Le talmud dans le traité de Guitin (89) parle du cas d’un enfant mineur qui est très intelligent et qui a marié une femme. Le talmud s’interroge sur la validité du mariage, le talmud dit « nous ne sommes par arrivé au niveau de la perplexité des décisionnaires de Ruben ». Les décisionnaires de Ruben étaient capables de déterminer le niveau de maturité mentale nécessaire pour être considéré majeur, alors que les autres rabbins n’étaient pas capables de le savoir. C’est pour cela que les autres rabbins considèrent un homme ou une femme majeur indépendamment de sa maturité mentale, en se basant uniquement sur a maturité physique, c'est-à-dire son aptitude à procréer. (Selon rabenou Hananel, un rabbin tunisien du 9 siècle).

Le talmud semble donc décrire les sages de Ruben comme étant les seuls capables d’envisager la vérité absolue de l’idée, sans avoir à se baser sur des observations physiques.

D’autre part le talmud dans Yomah 26 parle des sages de Juda et ceux de Nafatali sur lesquelles il est écrit qu’ils sont « des législateurs, des gens qui approfondissent et qui creusent » le talmud dit à leur sujet « ces sages n’avaient pas accès à une vérité absolue, ils sont uniquement capable de raisonner et de créer de idées mais incapables de comprendre la vérité tel qu’elle est révélée ».

Cette prise de position du talmud semble étonnante puisque dans la bible ont voit bien que la prophétesse donne raison aux sages de Nafatali et de Zebulon et tort aux sages de Ruben.

On peut répondre à toutes ces questions et comprendre le message de l’histoire de Deborah en regardant comment l’histoire du général ennemi se finit. 

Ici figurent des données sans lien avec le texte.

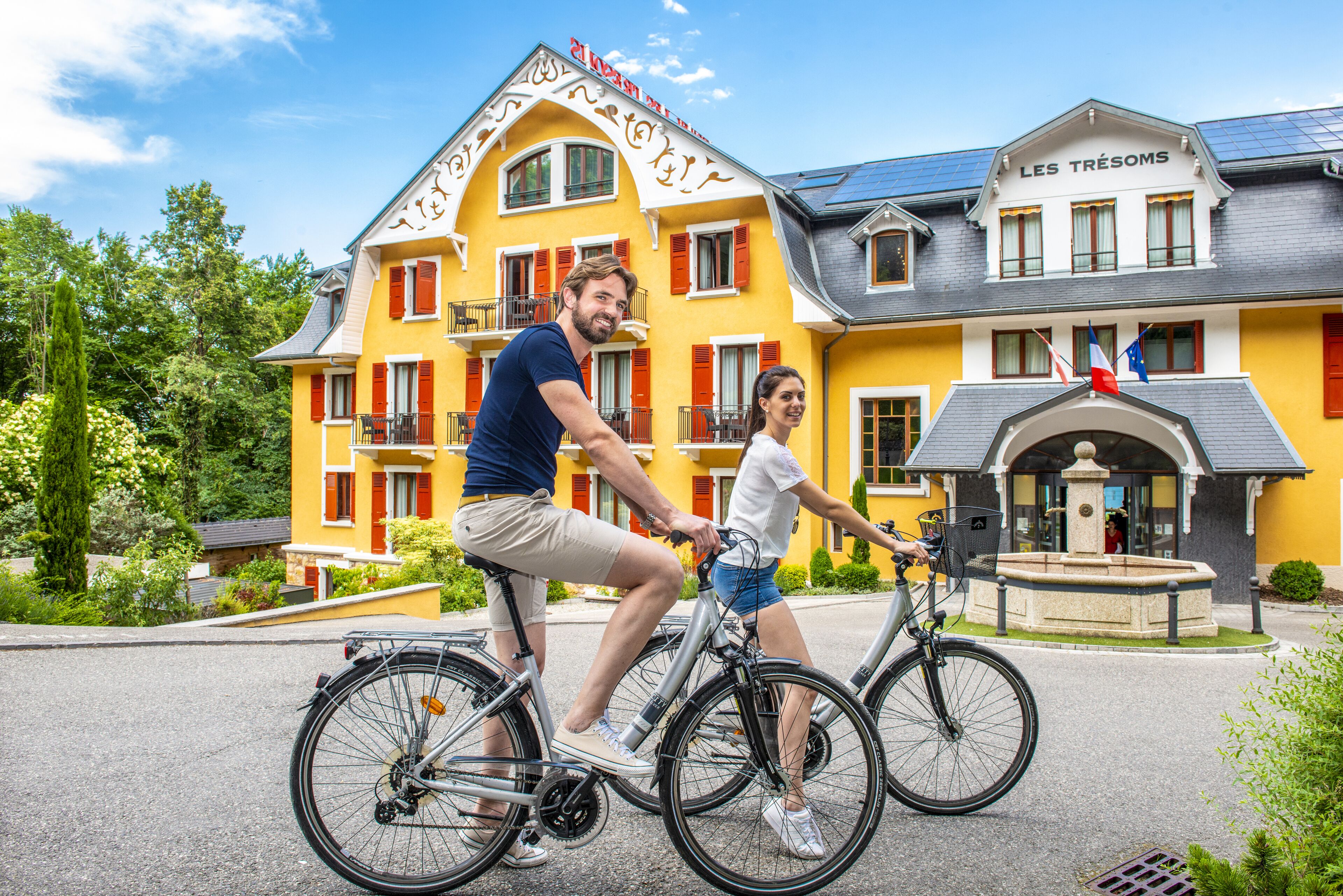 Un bâtiment jaune avec une enseigne indiquant « LES TRÉSOMS » et une fontaine devant.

Le chef de l’armée des amorites « Sisra » cherche à fuir. Dans sa course il est accueilli pas Yaël, une femme juive, réputée comme étant une juge d’Israël. Elle l’accueille dans sa maison et elle a des rapports sexuels avec lui à 7 reprises, selon le talmud, ensuite le général s’endort et Yaël lui fracasse le crâne avec un pieux qu’elle lui enfonce dans la tempe avec un marteau. Pourquoi la bible nous raconte cela ?

Sisra aurait du se douter qu’il n’était pas en sécurité chez Yaël. Il aurait du demander un cheval et partir, ou prendre son épée et la tuer. En fait, il se laisse séduire par la facilite, il rationalise ce qu’il voit, il cherche à expliquer a fortiori le comportement de Yaël.

Il se dit « peut être que Yaël a un intérêt à me sauver, peut être qu’en fait elle n’aime pas les juifs, peut être qu’elle est nymphomane ». Sisra résonne exactement comme les sages d’Israël qui acceptaient les attaques des armées amorites, en relativisant, et en se disant que l’on pouvait toujours trouver un compromis et une solution.

A la fin, le crâne de Sisra est fracassé, comme pour symboliser son incapacité à réfléchir.

Les sages de Zebulon comprennent ce que Sisra n’a pas vu et ce que les sages de Ruben ne comprennent pas. «Lorsqu’il y a un doute, en fait il n’y a plus de doute ». Lorsque l’on a un doute en fait on a une certitude, seulement on pense qu’il y a une autre certitude qui s’oppose à la première et on ne sait pas qu’elle valeur est la plus défendable, alors on reste dans le doute.

Mais au départ de tout doute il y a une évidence et une certitude. Il était évident que les amorites attaquaient les juifs de manière déloyale, et qu’ils étaient condamnables, pourtant les rabbins acceptaient cette situation par ce qu’il était aussi évident que la punition de amorites causerait des pertes humaines.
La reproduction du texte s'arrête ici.